Yeni kurulacak altyapının özellikle girişimcilik ekosistemi için hayati önem taşıdığının altını çizen Koç, yüksek ilk yatırım maliyetlerinin bu modelle ortadan kalkacağını ve operasyonel gider modeline geçileceğini anlattı.

Koç, Türkiye ekonomisine yıllık 5 milyar dolarlık bir değer oluşturması beklenen yatırımın "sürdürülebilirlik", "ölçeklenebilirlik", "maliyet etkin çözümler" ve "gelecek nesil teknolojilere uyum" şeklinde dört ayağı bulunduğundan bahsetti.

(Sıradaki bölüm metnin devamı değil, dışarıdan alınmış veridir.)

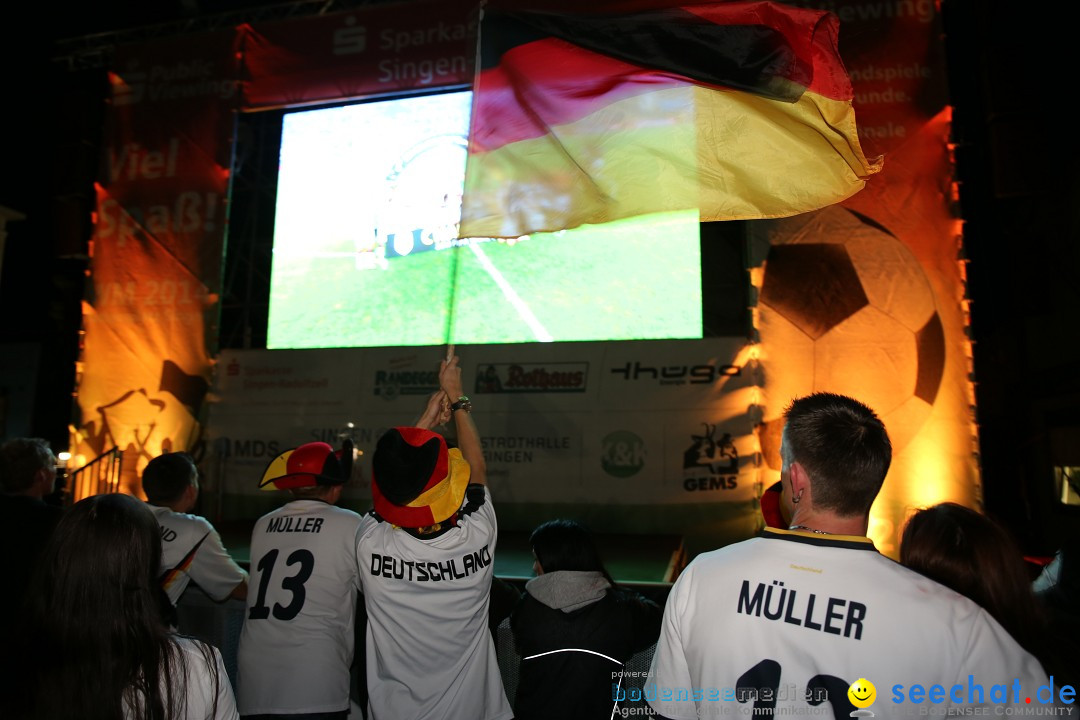 Weltmeister - Deutschland - WM2014: Singen am Bodensee, 13.07.2014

Söz konusu ayakların içeriğine değinen Ali Taha Koç, şu değerlendirmelerde bulundu:

"İlk olarak kurmuş olduğumuz yapı yüzde 100 yedekli. Türkiye'deki bütün şirketler, bu üç veri merkezine kesintisiz erişecek. İkincisi de ölçeklenebilirlik. Bir firma olarak düşünürseniz, 10 bin kullanıcınız var ama seneye 1 milyon kullanıcınız olacak. Bu yatırımları başta yaparken, 2 milyon kullanıcıya göre planlamanız lazım. Bunların hepsinin maliyetine baştan katlanmanız gerekiyor. Biz diyoruz ki, 'Bugün 10 bin kişilik bir ihtiyacınız varsa bizden 10 bin kişilik bir tüketim ücreti ödeyeceksiniz.' Kullandığın kadar öde mantığı sayesinde büyük IT yatırımını yapmanıza gerek kalmıyor. Bu neyi sağlıyor? Başta, 2 milyona gelene kadar az verimli kullanılmış bir altyapıyı fonlamak yerine verimli bir altyapı yatırımı yapmış oluyorsunuz. Özellikle girişimciler ve gençler açısından baktığımız zaman, fikirlerini önce ürüne dönüştürebilmek için bu altyapı yatırımını yapmaları gerekiyor. Bu bulut bilişim sayesinde Türkiye'de gençlerin veya yeni kurulmuş girişimlerin, fikirden ürüne geçiş süreçlerinin çok kısalacağını düşünüyoruz. Başta yapılması gereken yatırımı, kendilerine yapacaklar. Bu yatırımın Türkiye'ye senelik 5 milyar dolarlık bir ekonomik değer oluşturacağını öngörüyoruz."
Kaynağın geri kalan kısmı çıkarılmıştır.